Al-Araqib in the Negev desert is classified by Israel as an "unrecognized village" and denied all services, including access to water. But its residents - who are Israeli citizens - have resolutely refused to leave their ancestral land, despite having their village destroyed some 130 times by the Israeli army in its effort to "Judaize" the Negev. Now six residents are being ordered to pay $372,000 to cover the cost of their eviction.
Israeli Court Orders Bedouin to Pay Cost of Their Eviction From Unrecognized Village
The $372,000 to be paid by six people is the latest chapter in a years-long battle by Bedouin in the south to remain on land the courts say they have no right to
Almog Ben Zikri Aug 08, 2019 11:12 AM. Haaretz
A court has let the state seek 1.3 million shekels ($372,000) in reimbursement from six residents of an unofficial Bedouin village in the Negev for the cost of evicting them from disputed land.

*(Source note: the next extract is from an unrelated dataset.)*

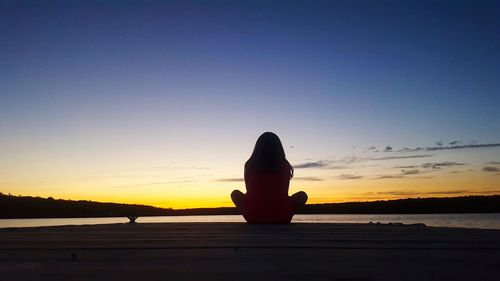 Silhouette woman sitting by sea against clear sky during sunset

The Be’er Sheva District Court granted the state’s appeal of a lower court’s ruling stating that the state was not entitled to collect the sum from the people of the village of Al-Araqib.

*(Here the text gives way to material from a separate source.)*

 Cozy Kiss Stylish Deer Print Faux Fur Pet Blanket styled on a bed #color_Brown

It’s the latest chapter in a battle between the state and residents of unrecognized Bedouin villages in the south. The state has already received nearly 320,000 shekels in settlement agreements with 28 other defendants in the case.
For years, the residents of Al-Araqib have been clashing with the state, the Israel Land Authority and the police over land at a site north of Be’er Sheva where they claim ownership rights. The current dispute is over a site hosting a small number of makeshift structures, a cemetery and a building with a permanent floor.
Over the years, officials of the Israel Land Authority have visited the site, accompanied by police, to demolish temporary structures, but after the officials leave, the structures are rebuilt. The village’s 70-year-old leader, Sheikh Sayekh Abu Madi’am, recently served a prison term for trespassing at the site.
The villagers say they own the land on which the village was built and were forcibly evicted by the army in 1950. The state says that the land was taken over by the state in the early ‘50s because it had been abandoned and that attempts by the Bedouin to settle beginning in 1998 were illegal. The courts have upheld the state’s position.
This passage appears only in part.